There are currently two major questions in Myanmar: Is there a genuine desire to “democratize” on the part of a regime, which in 2007 used live ammunition against demonstrating monks and responded to the catastrophic Cyclone Nargis a year later with mendacity, incompetence and a cynical disregard for human suffering? And if so, how fast will those changes occur?
Hague believes that Burmese President Thein Sein is “sincere,” though he stresses that pressure from the international community must be maintained. Yet many doubt the capacity of the president, who was appointed by the ruthless dictator Than Shwe on his retirement from public life, to counter conservatives.
Thi Haw Saw, a newspaper editor in Yangon, believes “a backlash is possible” and even Nay Zinn Latt says nothing is “irreversible” for the moment. As for the speed of the changes, Hague has indicated that if they continue the EU may modify, or even lift, sanctions by April. To many observers, this seems too rapid.

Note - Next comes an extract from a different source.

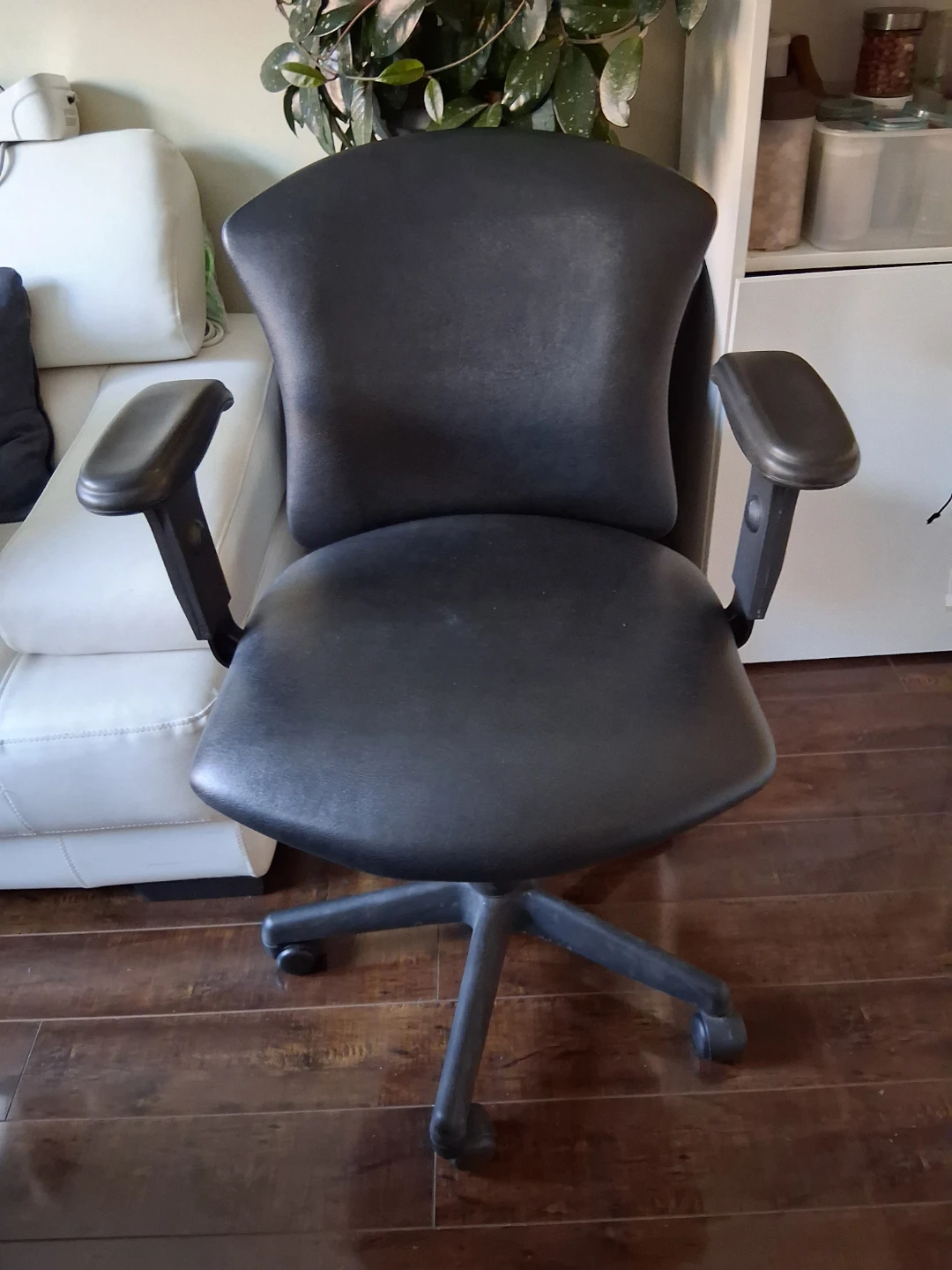 Black Office Chair heavy duty excellent condition - photo 2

“There has been no real change yet. We must be cautious. Any transition will take much more time,” one recently released political prisoner said.
The villagers of Zigon have a different timescale in mind. Their land is disappearing at the rate of 9.14m a year due to erosion of the banks of the river. Having cleared the mangrove swamps that once lined the muddy shoreline, there is nothing to hold back the earth. The operations of a government-run gravel company — the profits of such enterprises usually flow back to people who are part of, or connected to, the ruling clique — make the problem worse. Within five years, tidal surges will have reached the heart of the village, rendering half the homes uninhabitable. Another few years and Zigon will disappear.
A non-governmental organization run by Phone Win, a political activist who stood in the 2010 elections, is replanting mangroves, but can only cover a small section of the shoreline each year and the plants take time to grow. Eventually they will be 15m high with roots firmly anchoring the earth, he said. However, that will take a decade — and, like much in Myanmar these days, the outcome of the project is uncertain.
“We are hopeful,” O Win Thei said. “We are hopeful.”